A one-sided genetic exchange
Yet despite the deep isolation of some late Neanderthal groups, they still sometimes interbred with modern humans. What is curious, however, is that though Neanderthal DNA appears in H. sapiens fossils, there is no sign of modern human DNA in any late-surviving Neanderthals sequenced so far. “We know that these groups overlap for thousands of years in Europe, yet we find this largely one-directional gene flow from the Neanderthals to modern humans and not the other way around,” says Mateja Hajdinjak at the Max Planck Institute for Evolutionary Anthropology in Leipzig, Germany.
There are many possible explanations for this one-sided genetic exchange.
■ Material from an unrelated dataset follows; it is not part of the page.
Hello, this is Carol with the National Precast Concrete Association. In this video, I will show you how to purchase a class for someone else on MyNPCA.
It could simply be due to sparsity of data, as relatively few Neanderthal genomes have been sequenced. Alternatively, Neanderthal DNA may have been more important for the survival of modern humans than the other way round – for example, bolstering immune system function – so was preserved in later generations by natural selection.
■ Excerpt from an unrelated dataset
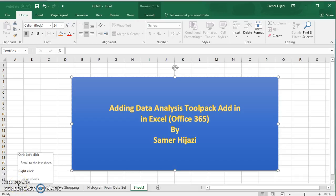Welcome. In this short video, I will show you how to add the Data Analysis ToolPak add-in to Excel. The Data Analysis ToolPak will help us later on to do all the statistical things that we do in statistics.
Or, says Hajdinjak, “it could be social practices” that resulted in babies born through interbreeding being kept in modern human groups but not Neanderthal ones. Slimak suspects that Neanderthal women were joining the modern human groups, but the reverse didn’t happen.
“Their already small populations were losing reproductive age individuals to the other species, without any replenishment in return – a recipe for demographic disaster,” says Stringer. Whatever the reasons for the genetic imbalance – social, biological or both – it contributed to the demise of the last Neanderthals, he says.
It all suggests that the end of the Neanderthals was a long, messy process. Looking for a single catastrophic explanation for Neanderthal extinction, such as a volcanic explosion, is wrong, says Slimak. “Humans don’t die in ‘bim-bam-booms’… they die in whispers.”